Im Weltall braucht es vor allem eines: Geschwindigkeit und Zuverlässigkeit. Die GG Group (Gebauer & Griller Kabelwerke Gesellschaft m.b.H.) zählt seit Jahrzehnten zu den führenden Herstellern von Kabeln und Leitungen für die Automobilindustrie. Das international tätige Industrieunternehmen in Familienbesitz mit Sitz in Wien und Kabelwerk im niederösterreichischen Poysdorf geht mit dem Projekt „GG goes 2Space“ nun einen Schritt in Richtung Raumfahrt. Die neue Datenleitung „2Space251″ wurde für moderne Satellitensysteme entwickelt, die neben einer schnellen und zuverlässigen auch eine industriell skalierbare Datenkommunikation benötigen.

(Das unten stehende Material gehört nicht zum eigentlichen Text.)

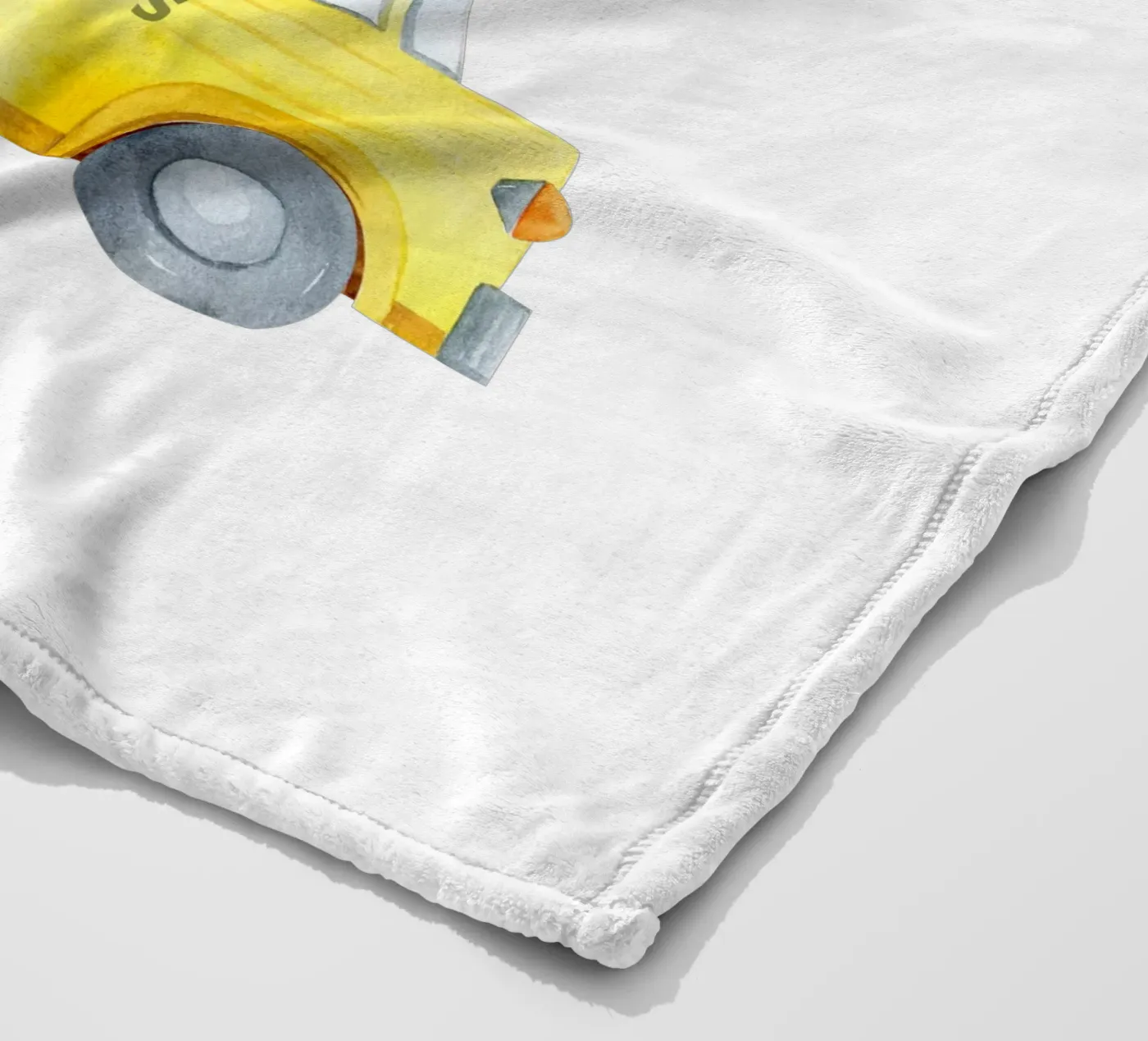 Schulbus Fleecedecke von Kartenliebe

Von der Automobilbranche zur Weltraumanwendung

Entstanden ist das Projekt aus dem Interesse internationaler Raumfahrtunternehmen an industriell produzierbaren Hochleistungs-Datenkabeln für Satelliten. Die GG Group verfolgt dabei eben diesen industriellen Ansatz. Bewährte Standards aus der Automobilbranche sollen für Satelliten und weitere Weltraumanwendungen adaptiert werden. Dadurch sollen bei hohen Qualitäts- und Zuverlässigkeitsstandards die Entwicklungszeit verkürzt und die Kosten gesenkt werden.

„Mit GG goes 2Space übertragen wir unsere Erfahrung aus der Automobilindustrie in ein neues, stark wachsendes Technologiefeld. Unser Ziel ist nicht nur die Entwicklung einer einzelnen Datenleitung, sondern der Aufbau eines industriell skalierbaren Technologieportfolios für Raumfahrtanwendungen“, sagt Joseph Riegler, Projektmanager bei der GG Group.

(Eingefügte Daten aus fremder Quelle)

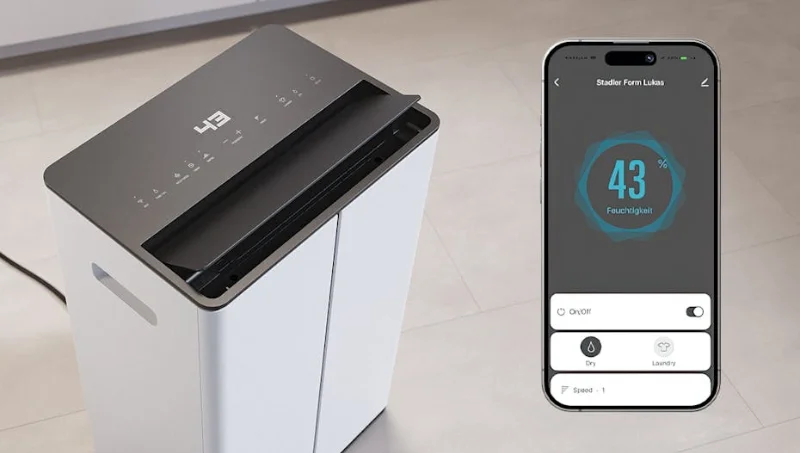 Osuszacz Stadler Form Lukas - sterowanie za pomocą WiFi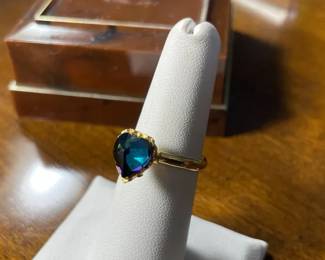 Size 6 Ring With Blue Stone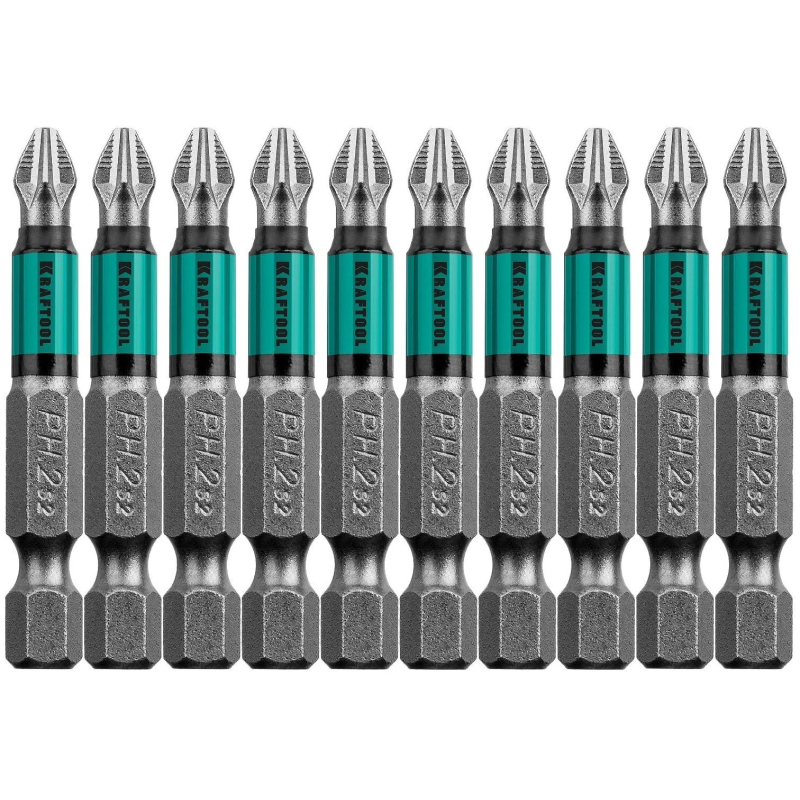 Бита KRAFTOOL Optimum Line PH2, 50 мм, тип E, 10 шт/уп (26122-2-50-10) - фото 1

Teil des ESA Phi-Lab Austria

Das Unternehmen wurde bereits in das ESA Phi-Lab Austria aufgenommen. Das Kompetenzzentrum unterstützt Firmen bei der Industrialisierung europäischer Raumfahrttechnologie. Dabei werden technologisches Know-how, internationale Netzwerke sowie Entwicklungs- und Testinfrastruktur verbunden. Die GG Group möchte mit der Aufnahme in das ESA Phi-Lab Austria ihre 2Space-Technologie weiter an die Anforderungen der Raumfahrt heranführen. Gleichzeitig soll der Zugang zum europäischen Space-Ökosystem gezielt ausgebaut werden.

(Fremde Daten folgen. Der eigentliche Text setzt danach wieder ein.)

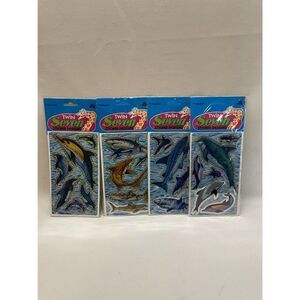 Twin Seven prism Vintage 80s 90s stickers Holographic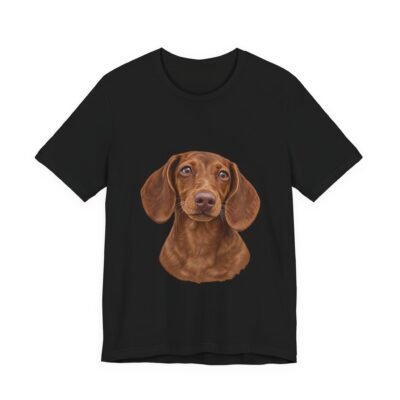 Brown Dachshund Vintage Portrait T-Shirt – Unisex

Eine Million für 2Space-Technologie

Für das Projekt wird rund eine Million Euro veranschlagt. Ein großer Teil fließt in Entwicklungsaktivitäten und in die technologische Weiterentwicklung des Produktionsstandorts Poysdorf, wo in Zukunft die Kabel gefertigt werden sollen. Laut der Niederösterreichischen Landesregierung „positioniert sich Gebauer & Griller frühzeitig in einem Zukunftsmarkt“, denn die technologische Entwicklung und private Raumfahrtprogramme „erhöhen den Bedarf an leistungsfähigen, zuverlässigen und wirtschaftlich herstellbaren Komponenten“.